Sunlight polished his hair like ebony and caught his eyes at the edge, flecking them with gold. I saw his feelings before he could rush them back into hiding. I got up and looked out the window because I did not want to look at him.
"He would hate women he sees," Talley said. "Women he could never have. Women who would scream in horror if they saw him, saw his body."
"Most of all, he would hate himself," I said.
"I know I would."
"You paid for this trip, didn't you, Jay?"
He got up and leaned against the window frame.
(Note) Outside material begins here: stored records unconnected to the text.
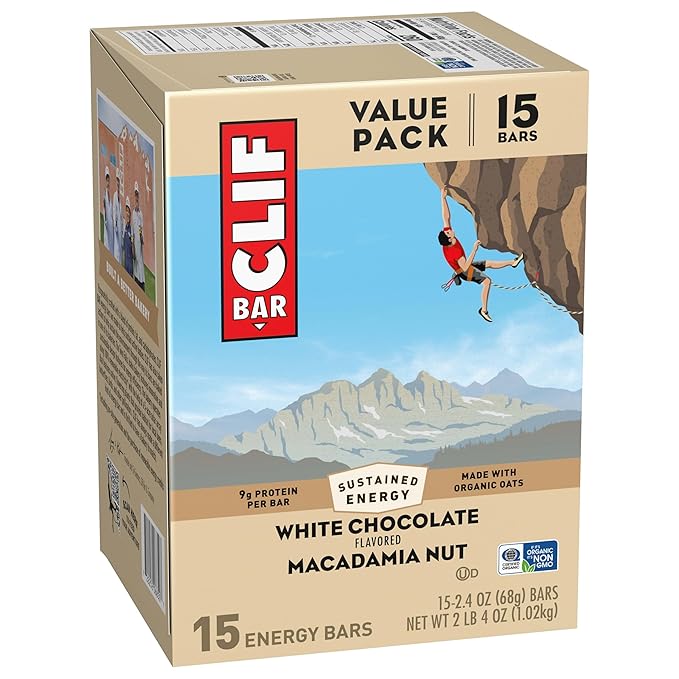 CLIF BAR - Energy Protein Bars - White Chocolate Macadamia Nut - Made with Organic Oats - Energy Bars - Non-GMO - (15 Pack)
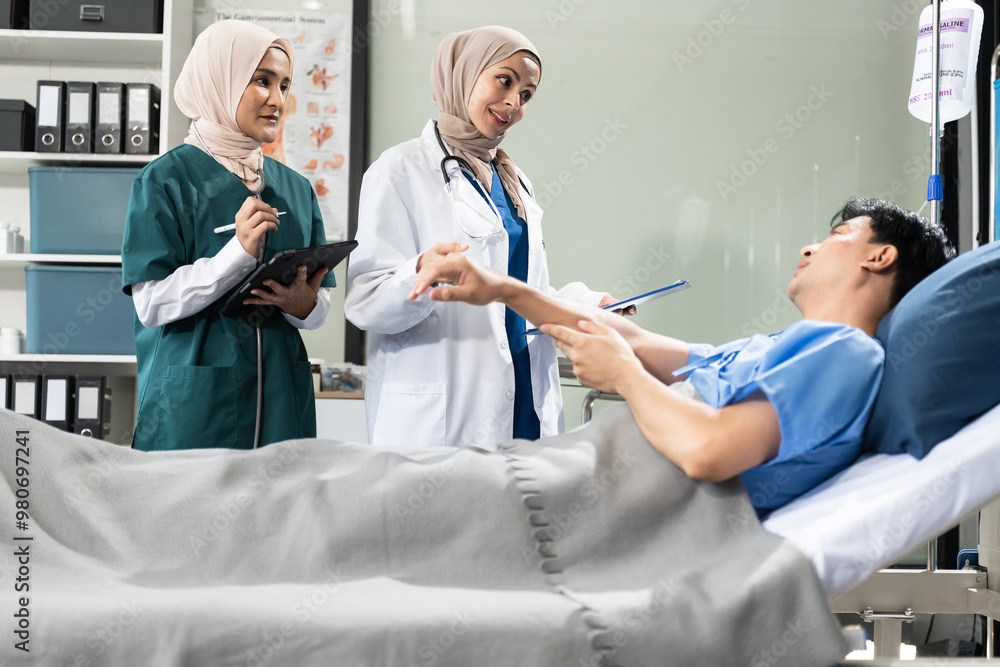 Doctor treatment patients in hospital room. Medical professionals help treat Sick people. Physical examination or flu. Concept Health care and Social Security Doctor treatment patients in hospital room. Medical professionals help treat Sick people. Physical examination or flu. Concept Health care and Social Security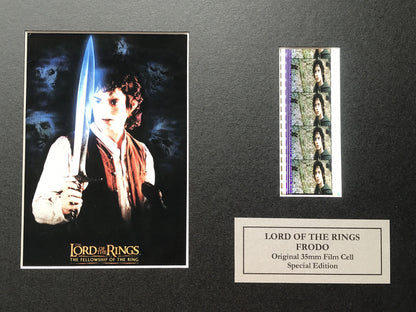 Handmade display featuring original 35mm film cells for LOTR - FRODO fan + COA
"Not some big corporation after this One-Sixty-Fiver cartel," I went on.
I looked at him.
"You got Dr. Stvan and me together. You facilitated everything. You set all of it up and paid for it," I said as I became more convinced and my incredulity grew. "You could do that because you're very rich. Because your family's very rich: That's why you went into law enforcement, isn't it. To get away from being rich. And then you act rich, look rich, anyway."
For an instant, he was caught.
"You don't like it when you're not the one doing the interrogating, do you?" I said.
"It's true I didn't want to be like my father. Princeton, crewing, marrying into the proper family, kids all proper, everything proper."